Before he won Best Director and Best Picture at the Academy Awards on Sunday, Guillermo del Toro directed two different Hellboy movies based on Mike Mignola’s comics. Del Toro won’t be making any more Hellboy movies, but a reboot is in the works, this time from director Neil Marshall and starring Stranger Things’ David Harbour as the big red monster hunter. In a recent interview with EW, Mignola explained his involvement in the new film.

“It’s funny, because my involvement has been very different than the Del Toro movies,” Mignola says. “The difference is I had known Del Toro for six years by the time we did the first movie. Neil I met a couple months before he worked on the movie. It was very different, but I have been involved ever since they said ‘Hey we’re gonna make another Hellboy movie, and we’re gonna do this story.’ I’ve bounced back and forth with them about how to adapt this particular Hellboy story. At various times I’ve jumped in and been much more active in the screenplay than I ever was on the Del Toro movies. But I did nothing so far as design stuff on the movie. Guillermo wanted me as a concept artist, but on this movie, there were other concept artists. I came in and I looked at some stuff, but they were trying to do something so close to what’s on the comics that they really leaned on what had been done by Duncan [Fegredo] and me in the comics.”

Del Toro’s first Hellboy film was based loosely on the first Hellboy comic series, Seed of Destruction. The movie sequel, Hellboy II: The Golden Army, was more of an original story. By contrast, Marshall’s Hellboy film will be a much closer textual adaptation, based on a story told over three miniseries (Darkness Calls, The Wild Hunt, and The Storm and the Fury) written by Mignola and illustrated by Duncan Fegredo. It is the longest run of Hellboy stories not illustrated by Mignola himself, and it tells the story of Nimue the Blood Queen raising an army of demonic fairies to attack the mortal world in an apocalyptic conflagration. Milla Jovovich has been cast as the movie’s Blood Queen.

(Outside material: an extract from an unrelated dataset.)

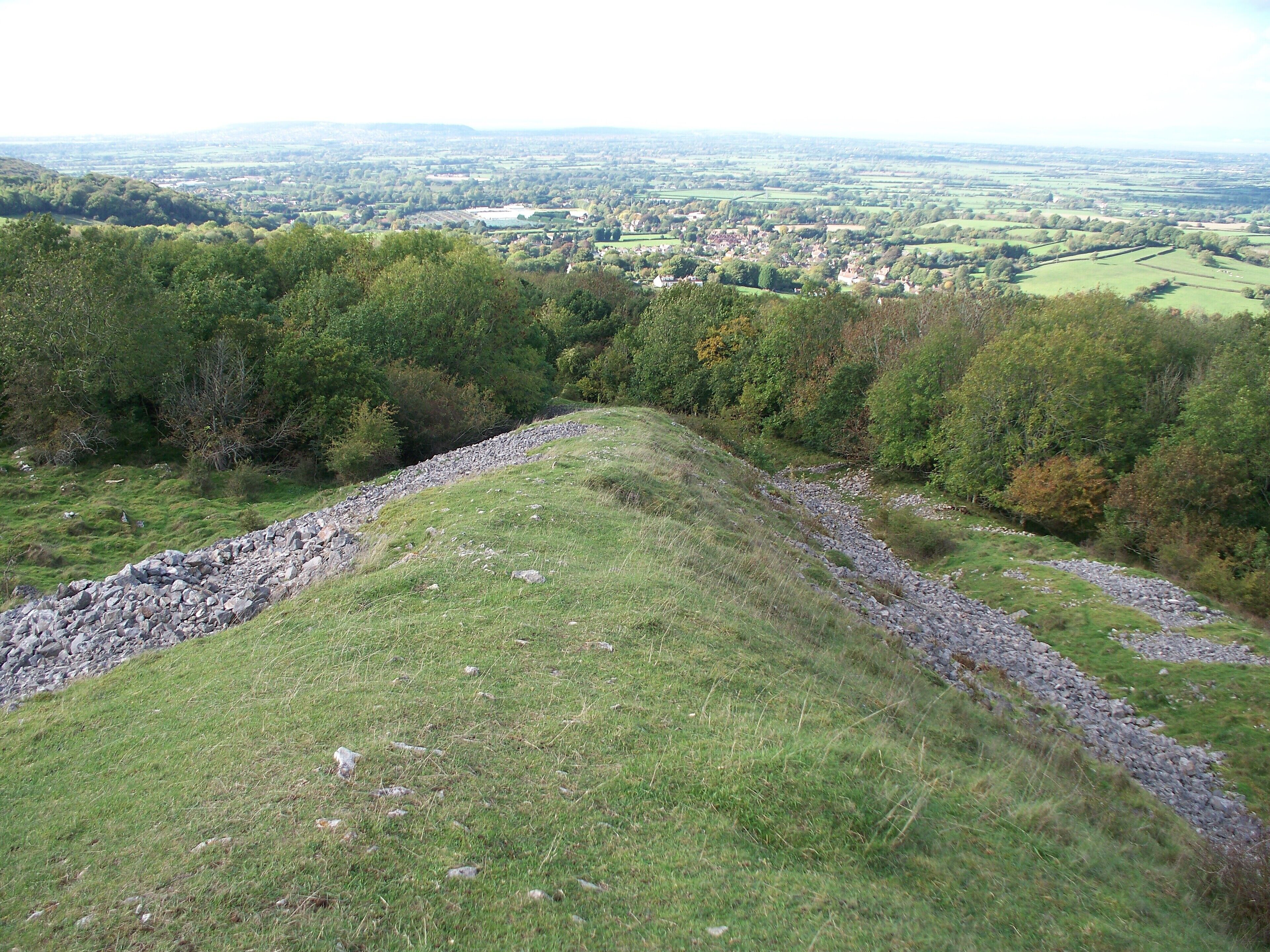 A grassy hill with a stone wall and a view of a town in the distance.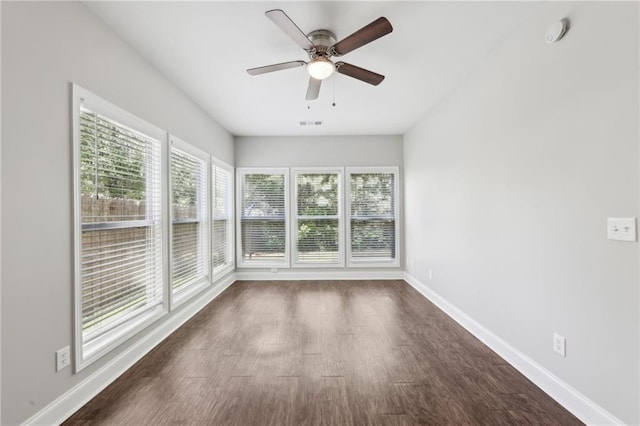 spare room with baseboards, a wealth of natural light, ceiling fan, and dark wood-style flooring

“The first film was based on one of the comics, but Del Toro was looking to reinvent everything. I think the difference is here, the bulk of the Fegredo arc takes place in the real world,” Mignola says. “So instead of making up a whole fantasy world, it was, ‘Let’s find locations that feel like these real-world locales that Duncan drew in the comic.’ I think the bulk of the characters in the film are established in the comic. It was insane for me to walk in there and see that someone did a really nice rendering of a creature I created or Duncan created. It’s got a whole different feel from the older movies. Duncan’s not working on it, but I did see stuff in the movie that was so close to what Duncan drew, more so than what was in the previous movies. It was pretty exciting. ”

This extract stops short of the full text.